Eure, les Contrats de Ville signés

Eure, les Contrats de Ville signés

C’est d’abord un schéma national initié par les gouvernements depuis un quart de siècle, avec plus ou moins de bonheur. Les Départements sont devenus les relais directs entre l’Etat et les villes, en passant par les intercommunalités. Il s’agit de venir en aide aux 1 300 quartiers français parmi les plus défavorisées, dont 200 ultra sensibles qui se verront doter d’une aide spécifique de 5 milliards d’euros. La décision, aussi, de mettre un terme au saupoudrage des moyens en fédérant les nombreux zonages empilés depuis 20 ans, tels les ZUS, ZRU, ZFU et CUCS. L’ensemble est remplacé par une seule carte. Dans l’Eure, comme ailleurs, juin et juillet est la période de la nouvelle génération de ces contrats.
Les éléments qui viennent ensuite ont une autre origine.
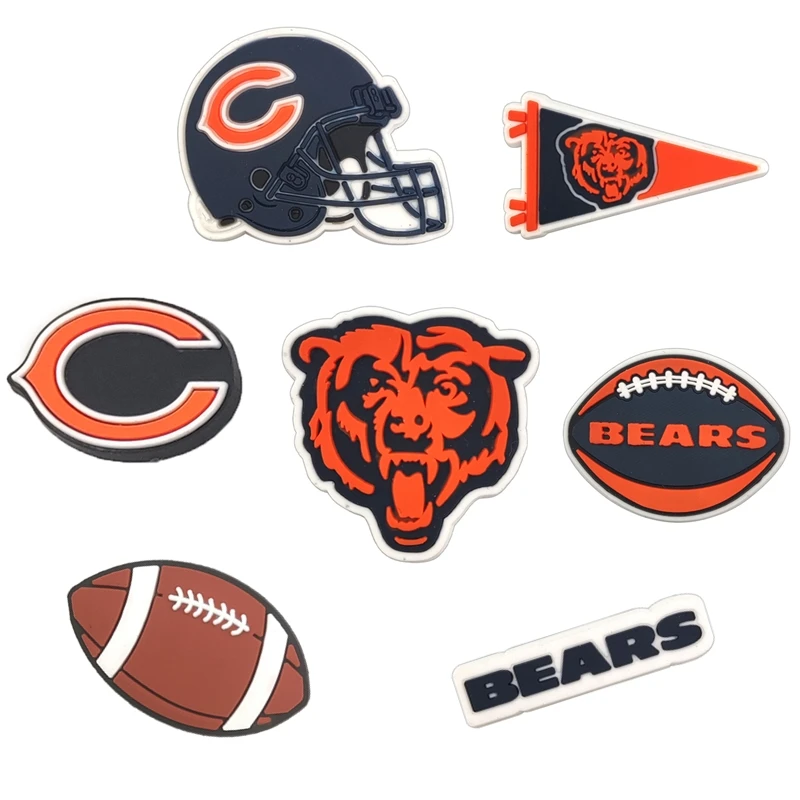 New football Sports Shoe Charms Sport Teams Helmet Hockey Shoe Charm Pvc Shoe Decorations Ball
De quoi s’agit-il, pour aller à l’essentiel?

Tout le monde à remarqué l’échec patent de nombreux responsables politiques  et de la haute fonction publique, qui depuis plus de 40 ans ont développé une politique d’aménagement du territoire catastrophique. Cela s’est traduit, en autres, par la construction de quartiers bétonnés à outrance, inhumains, qui a abouti à la ghettoïsation, au mal-être, à la sous scolarisation, au sous-emploi, puis…à la violence. Ces imaginatifs des années 60, 70 et 80 ne se sont jamais vus demander de comptes. Parfois même, certains ont été élevés au grade de la Légion d’honneur….Aujourd’hui, il faut réparer le mal à coups de millions et de milliards d’euros et ce n’est qu’un exemple en la matière…

Aujourd’hui

….Alors maintenant l’on s’aperçoit qu’il est urgent de “renforcer les moyens humains et financiers dans ces quartiers”. Cette année, l’État lance une nouvelle génération de contrats de ville pour la période 2015-2020. Dans l’Eure, les élus de la commission permanente du conseil départemental ont autorisé, selon la coutume, le président du département à signer progressivement ces contrats. La loi de février 2014, “Ville et cohésion sociale”, a revu les critères devant ouvrir de nouveaux droits aux territoires concernés et d’obtenir davantage de moyens. Parallèlement, dans l’Eure, cinq communes sont sorties du dispositif: Pîtres, Le Manoir-sur-Seine, Pont-de-l’Arche, Les Andelys et Gisors.  Les villes maintenues dans le dispositif pour l’attribution d’aides: Pont-Audemer (2 quartiers), Bernay (1 quartier), Val-de-Reuil (1 quartier), Louviers (2 quartiers), Vernon (2 quartiers), Evreux (3 quartiers). Ce sont ainsi 11 quartiers de l’Eure, jugés prioritaires,  qui donnent lieu à l’élaboration de 5 contrats de ville distincts et dont la réalisation est confiée aux intercommunalités concernées: CAPE, CASE, ET GEA et les ComCom de Bernay et Pont-Audemer. La commune de Saint-Germain-Village a été rajoutée au dispositif.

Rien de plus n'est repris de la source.